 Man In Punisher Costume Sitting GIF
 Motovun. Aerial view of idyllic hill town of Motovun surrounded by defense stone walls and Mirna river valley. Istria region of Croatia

---

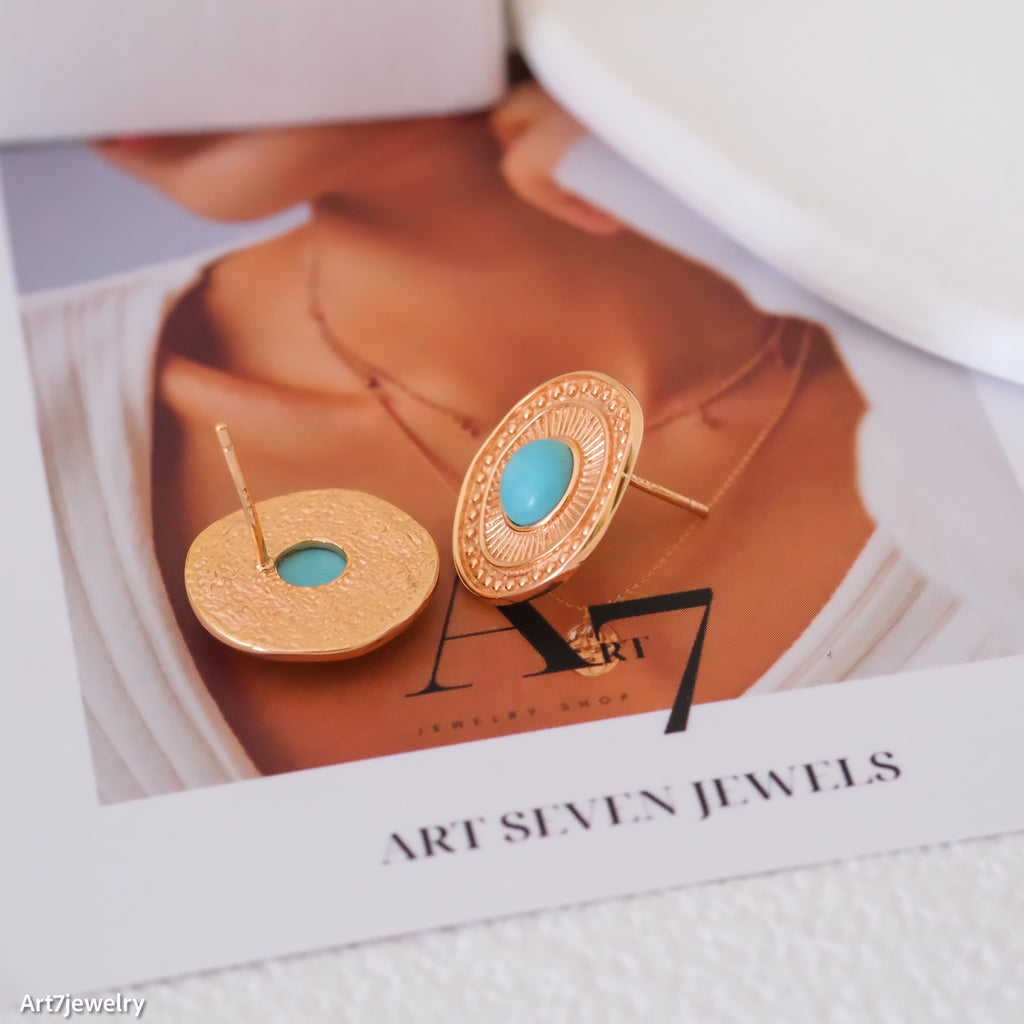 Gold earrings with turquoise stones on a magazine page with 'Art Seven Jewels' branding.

Required action: Using the entries above, give again exactly the lines from the line holding "Man In Punisher Costume Sitting GIF" through the line holding "Motovun. Aerial view". Include both end lines and nothing else.

Exercise output:
 Man In Punisher Costume Sitting GIF
 Motovun. Aerial view of idyllic hill town of Motovun surrounded by defense stone walls and Mirna river valley. Istria region of Croatia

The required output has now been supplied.